About a decade ago, in the northern Argentine city of Colón ,
I encountered a pair of US cyclists who had traveled through Chile  using my recently published first edition of the Moon Handbook to that country. They were especially enthusiastic about my recommendation about cycling the old railroad route through the Andean foothills, where slow-moving trains from Santiago’s Estación Mapocho  once chugged all the way to the nitrate ports of the Norte Grande, including Iquique and Pisagua.
For motorists, bikers, and cyclists really intent on getting off the beaten track, there’s no better alternative than the former Ferrocarril Longitudinal (Longitudinal Railway) that, until the Panamericana  opened in the early 1950s, connected the Chilean heartland with the Norte Chico  and the Norte Grande . Passing through five former train tunnels, with countless ups and downs along the isolated Andean foothills between La Ligua and Ovalle, the Norte Chico sector is one of the country’s unappreciated gems for Chileans and foreigners alike.
In the 1930s, Chilean dictator (later elected president) Carlos Ibáñez del Campo  outfitted his 1928 Packard limo with wheels that could ride the rails between Santiago  and the southern city of Puerto Montt . I’ve never done anything quite like that but, several times, I’ve driven segments of the former northern railway, colloquially known as the “Longino.” Along the entire route, keep an eye out for condors - that enduring symbol of the Andes reminding us that the route was, first and foremost, an Inka road .
Last April, for the first time, I drove the Longino’s Norte Chico segment north to south (rather than south to north), from the weathering foundations of former station at Auco, near the city of Illapel , to the town of Cabildo  – a full day’s drive.
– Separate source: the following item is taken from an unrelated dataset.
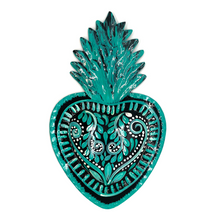 Load image into Gallery viewer, Handmade Tin Mexican Milagro Hearts - Folklorico Series Tin Milagro Hearts Mexico MH Black/Teal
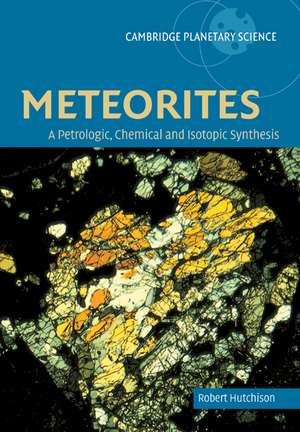 Meteorites: A Petrologic, Chemical and Isotopic Synthesis de Robert Hutchison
At Auco, a bridge still spans the dry bed of the Río Illapel, but walking across it requires caution, as it’s missing many ties.
At Limáhuida (about 20 km south of Illapel), the line’s oldest surviving station is now a small rural grocery. Along the route, mounted huasos in their characteristic chupallas (flat-brimmed sombreros) are a regular sight, as are flocks of goats on the dry hillsides. Between Limáhuida and the oddly named town of Caimanes (there are no large aquatic reptiles in this desert landscape), the road passes through three tunnels; the longest is the Túnel las Astas (pictured above), dating from 1912, whose ceilings drip with groundwater. Its length makes it the likeliest in which to encounter a vehicle heading the other direction.
Perhaps the most scenic segment is Cuesta las Palmas, about 20 kilometers south of Caimanes, passing newly planted avocado and citrus orchards. At the Region IV border, the road penetrates the Túnel las Palmas, surrounded by mature palm trees in the valley, and continues as a paved road toward Pedegua and Cabildo. A short distance north of the tunnel, a roadside café selling fresh juices is one of few businesses catering to the handful of travelers who pass this way.
Approaching Cabildo, a semaphore regulates traffic through the Túnel las Grupas, the only tunnel in a populated area. From Cabildo, there are paved highways west toward the coast and south to Santiago.